Empresas grandes, de capital aberto, possuem uma fonte rica de informações que é a página de relações com os investidores. “Então uma coisa que procuro fazer antes de começar um projeto em uma grande empresa é estudar essa página que traz tudo o que eles querem – passado, presente e futuro – atualizadas, em tempo real. Assim, o projeto fica alinhado com as expectativas da empresa”, conclui Luana. “Não somos uma necessidade das empresas, mas a partir do momento que a gente consegue entrar e provar que funciona e o benefício social que o projeto gera, passa a fazer parte dessa realidade. Os cases que mais dão retorno são aqueles em que a empresa está mais engajada, em que as áreas estão mais alinhadas com o nosso trabalho”, comenta Rodrigo.

 Aprendizados

  • Respeitar os processos internos, muitas vezes engessados. Mas não dá para impor um processo novo, não vai fluir.
  • Respeitar o timing da empresa – às vezes não é hora para iniciar um projeto novo porque a empresa está preocupada com outras questões. “Um exemplo é o das Óticas Carol, foram quase quatro anos de conversa. Outros projetos podem levar quatro meses”, aponta Rodrigo.
  • Burocracia e fluxo de caixa são problemas desafiadores. “Às vezes, a empresa determina que os pagamentos devem ser feitos em um prazo de até seis meses. Isso quebra qualquer um, ainda mais uma startup que está começando. É um exercício de paciência e essa negociação, muitas vezes, não compensa. As empresas querem se relacionar com startups, de impacto ou não, porque elas trazem inovação. No entanto, essas relações precisam ser revistas. As relações precisam ser de ganha- ganha, precisam somar”, explica Claudia.
  • Estabelecer conexão entre o ecossistema de impacto e as grandes empresas, com empresas e não com pessoas. As empresas precisam enxergar o valor do impacto social para as marcas e o público interno. “Estamos saindo do pico da euforia e trazendo outros atores para o ecossistema. O jeito de fazer negócios mudou, os negócios tradicionais têm que mudar. Vivemos agora em um sistema, precisamos somar”, alerta Claudia.
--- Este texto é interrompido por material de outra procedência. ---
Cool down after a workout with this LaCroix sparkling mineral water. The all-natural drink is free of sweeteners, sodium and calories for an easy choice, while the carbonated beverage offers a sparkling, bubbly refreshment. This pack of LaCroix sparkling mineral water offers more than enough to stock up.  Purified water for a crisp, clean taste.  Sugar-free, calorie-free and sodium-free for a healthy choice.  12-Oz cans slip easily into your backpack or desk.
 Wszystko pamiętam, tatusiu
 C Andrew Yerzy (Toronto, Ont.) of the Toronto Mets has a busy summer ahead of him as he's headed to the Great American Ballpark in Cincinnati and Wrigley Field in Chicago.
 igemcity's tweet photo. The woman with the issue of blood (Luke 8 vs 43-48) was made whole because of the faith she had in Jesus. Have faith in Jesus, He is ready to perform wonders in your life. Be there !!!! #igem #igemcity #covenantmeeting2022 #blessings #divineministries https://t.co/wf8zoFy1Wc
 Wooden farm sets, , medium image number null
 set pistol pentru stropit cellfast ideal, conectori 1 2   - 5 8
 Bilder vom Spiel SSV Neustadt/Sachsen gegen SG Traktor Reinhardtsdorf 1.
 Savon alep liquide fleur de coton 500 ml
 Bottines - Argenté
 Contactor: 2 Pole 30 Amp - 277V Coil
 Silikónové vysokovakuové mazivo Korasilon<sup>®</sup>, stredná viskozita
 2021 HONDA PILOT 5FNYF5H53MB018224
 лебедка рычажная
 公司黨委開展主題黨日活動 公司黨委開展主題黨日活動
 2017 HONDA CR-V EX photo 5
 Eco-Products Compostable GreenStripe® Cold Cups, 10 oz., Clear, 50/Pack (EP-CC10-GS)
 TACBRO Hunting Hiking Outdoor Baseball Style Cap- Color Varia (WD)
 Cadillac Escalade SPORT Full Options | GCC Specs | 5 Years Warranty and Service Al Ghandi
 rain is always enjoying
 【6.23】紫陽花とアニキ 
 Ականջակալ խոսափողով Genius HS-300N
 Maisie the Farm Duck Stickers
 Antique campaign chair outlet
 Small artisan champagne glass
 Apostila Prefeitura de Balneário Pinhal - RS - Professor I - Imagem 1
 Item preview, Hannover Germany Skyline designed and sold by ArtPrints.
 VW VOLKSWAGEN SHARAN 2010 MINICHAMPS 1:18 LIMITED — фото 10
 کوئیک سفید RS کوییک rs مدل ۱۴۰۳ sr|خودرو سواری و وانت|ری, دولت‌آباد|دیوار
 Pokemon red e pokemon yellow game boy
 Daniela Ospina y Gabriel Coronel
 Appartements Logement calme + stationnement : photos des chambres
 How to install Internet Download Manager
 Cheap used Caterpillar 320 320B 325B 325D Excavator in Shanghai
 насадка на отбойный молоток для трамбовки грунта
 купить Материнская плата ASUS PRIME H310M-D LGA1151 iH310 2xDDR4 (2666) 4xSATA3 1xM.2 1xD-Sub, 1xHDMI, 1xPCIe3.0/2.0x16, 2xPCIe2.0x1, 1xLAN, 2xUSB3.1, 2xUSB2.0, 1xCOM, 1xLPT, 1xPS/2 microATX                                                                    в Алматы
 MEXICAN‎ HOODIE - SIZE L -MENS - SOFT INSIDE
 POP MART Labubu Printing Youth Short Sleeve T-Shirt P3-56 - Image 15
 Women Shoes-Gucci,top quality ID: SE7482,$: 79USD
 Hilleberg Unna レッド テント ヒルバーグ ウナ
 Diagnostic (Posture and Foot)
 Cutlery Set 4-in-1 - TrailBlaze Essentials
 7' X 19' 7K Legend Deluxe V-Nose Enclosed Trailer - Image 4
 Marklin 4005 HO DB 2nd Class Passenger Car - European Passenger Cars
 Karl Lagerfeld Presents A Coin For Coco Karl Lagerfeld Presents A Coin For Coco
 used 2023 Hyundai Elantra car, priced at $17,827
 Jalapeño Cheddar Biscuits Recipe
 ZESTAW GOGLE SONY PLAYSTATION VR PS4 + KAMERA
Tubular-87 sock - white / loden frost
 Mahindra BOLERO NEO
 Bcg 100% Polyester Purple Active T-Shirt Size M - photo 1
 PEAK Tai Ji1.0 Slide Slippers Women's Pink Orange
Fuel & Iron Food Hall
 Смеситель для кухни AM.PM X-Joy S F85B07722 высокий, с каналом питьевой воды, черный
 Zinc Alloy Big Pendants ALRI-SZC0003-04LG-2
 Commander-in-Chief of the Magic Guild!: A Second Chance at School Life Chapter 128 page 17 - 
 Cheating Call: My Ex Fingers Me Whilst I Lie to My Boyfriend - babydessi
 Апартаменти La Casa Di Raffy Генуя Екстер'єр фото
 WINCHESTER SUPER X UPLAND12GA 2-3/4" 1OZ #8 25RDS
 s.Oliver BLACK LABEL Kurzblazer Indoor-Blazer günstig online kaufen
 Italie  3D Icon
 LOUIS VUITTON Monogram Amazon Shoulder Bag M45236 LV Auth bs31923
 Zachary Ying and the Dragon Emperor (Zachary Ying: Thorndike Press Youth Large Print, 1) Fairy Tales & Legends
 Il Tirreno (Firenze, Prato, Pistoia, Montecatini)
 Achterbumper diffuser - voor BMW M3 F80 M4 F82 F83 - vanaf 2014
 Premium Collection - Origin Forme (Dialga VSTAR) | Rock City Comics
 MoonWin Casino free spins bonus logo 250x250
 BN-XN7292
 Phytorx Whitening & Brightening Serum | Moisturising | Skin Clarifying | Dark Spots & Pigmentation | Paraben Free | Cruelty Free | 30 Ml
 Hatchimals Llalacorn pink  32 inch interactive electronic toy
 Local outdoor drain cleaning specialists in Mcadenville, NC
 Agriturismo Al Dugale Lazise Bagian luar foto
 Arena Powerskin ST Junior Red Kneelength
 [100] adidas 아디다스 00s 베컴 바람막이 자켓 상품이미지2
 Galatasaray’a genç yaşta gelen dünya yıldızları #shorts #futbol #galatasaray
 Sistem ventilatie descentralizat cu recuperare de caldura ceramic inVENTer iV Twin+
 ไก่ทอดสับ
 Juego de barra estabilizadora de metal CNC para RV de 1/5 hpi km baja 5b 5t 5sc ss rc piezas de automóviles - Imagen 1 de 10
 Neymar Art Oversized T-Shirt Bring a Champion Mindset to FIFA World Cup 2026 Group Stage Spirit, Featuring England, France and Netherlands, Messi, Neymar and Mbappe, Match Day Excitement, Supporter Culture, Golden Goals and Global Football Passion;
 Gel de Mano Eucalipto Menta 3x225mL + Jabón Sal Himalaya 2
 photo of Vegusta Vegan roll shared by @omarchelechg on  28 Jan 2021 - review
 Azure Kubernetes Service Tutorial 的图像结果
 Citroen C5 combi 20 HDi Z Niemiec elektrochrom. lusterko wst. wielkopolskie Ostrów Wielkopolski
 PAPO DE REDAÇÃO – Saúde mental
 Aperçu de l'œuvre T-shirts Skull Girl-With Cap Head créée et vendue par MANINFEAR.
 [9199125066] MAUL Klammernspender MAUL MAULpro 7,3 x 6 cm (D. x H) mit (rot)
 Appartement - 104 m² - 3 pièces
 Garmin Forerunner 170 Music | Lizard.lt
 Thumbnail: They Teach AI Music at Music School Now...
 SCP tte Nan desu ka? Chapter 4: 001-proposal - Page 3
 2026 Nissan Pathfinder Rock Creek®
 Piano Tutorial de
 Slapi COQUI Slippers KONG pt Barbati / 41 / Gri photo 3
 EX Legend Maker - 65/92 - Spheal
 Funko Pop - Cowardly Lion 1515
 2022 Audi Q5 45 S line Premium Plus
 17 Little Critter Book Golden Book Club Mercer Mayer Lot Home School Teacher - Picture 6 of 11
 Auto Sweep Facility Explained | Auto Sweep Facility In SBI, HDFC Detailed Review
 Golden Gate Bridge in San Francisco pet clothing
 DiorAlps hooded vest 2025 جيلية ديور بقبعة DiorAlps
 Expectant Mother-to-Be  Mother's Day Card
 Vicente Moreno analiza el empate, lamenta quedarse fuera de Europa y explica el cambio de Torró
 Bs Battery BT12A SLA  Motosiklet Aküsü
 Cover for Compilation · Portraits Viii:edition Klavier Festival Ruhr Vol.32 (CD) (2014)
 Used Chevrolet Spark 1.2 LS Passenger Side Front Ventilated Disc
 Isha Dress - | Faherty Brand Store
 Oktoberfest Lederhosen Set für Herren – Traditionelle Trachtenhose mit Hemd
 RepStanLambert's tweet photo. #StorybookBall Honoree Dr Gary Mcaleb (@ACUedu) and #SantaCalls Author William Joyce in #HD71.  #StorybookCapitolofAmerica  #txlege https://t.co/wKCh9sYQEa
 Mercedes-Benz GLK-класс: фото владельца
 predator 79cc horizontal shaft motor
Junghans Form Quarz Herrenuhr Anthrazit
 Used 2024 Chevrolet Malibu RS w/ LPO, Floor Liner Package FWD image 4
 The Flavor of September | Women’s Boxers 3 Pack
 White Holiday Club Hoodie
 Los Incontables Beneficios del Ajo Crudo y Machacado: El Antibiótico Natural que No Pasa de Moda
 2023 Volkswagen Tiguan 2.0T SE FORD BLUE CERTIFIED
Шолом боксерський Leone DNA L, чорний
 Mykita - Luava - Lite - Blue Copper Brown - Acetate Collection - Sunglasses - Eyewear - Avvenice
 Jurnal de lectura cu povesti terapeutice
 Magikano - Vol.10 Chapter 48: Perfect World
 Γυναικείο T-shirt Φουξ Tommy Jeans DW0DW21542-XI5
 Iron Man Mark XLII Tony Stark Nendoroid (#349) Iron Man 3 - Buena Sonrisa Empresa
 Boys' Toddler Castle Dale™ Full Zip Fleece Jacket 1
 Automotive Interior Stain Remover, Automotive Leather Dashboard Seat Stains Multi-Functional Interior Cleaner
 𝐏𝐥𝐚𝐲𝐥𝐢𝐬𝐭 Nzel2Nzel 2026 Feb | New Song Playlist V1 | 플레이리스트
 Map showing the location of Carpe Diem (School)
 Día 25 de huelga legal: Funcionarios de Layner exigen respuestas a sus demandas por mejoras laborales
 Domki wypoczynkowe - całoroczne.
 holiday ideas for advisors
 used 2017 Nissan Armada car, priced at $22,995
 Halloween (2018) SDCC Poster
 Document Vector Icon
A experiência do Quintessa mostra que muitas necessidades e desafios do mundo atual, podem ser supridas por startups, que enxergam melhor as oportunidades. Economia circular, consumo consciente, tecnologia e inteligência artificial são as tendências. “Hoje, as empresas recebem melhor as startups. É preciso lucidez e clareza para identificar as oportunidades. Por outro lado, não existe um programa melhor que o outro. Tudo passa pelo aproveitamento dos ativos instalados das empresas e pelos mentores”, conclui Anna de Souza Aranha, diretora do Quintessa.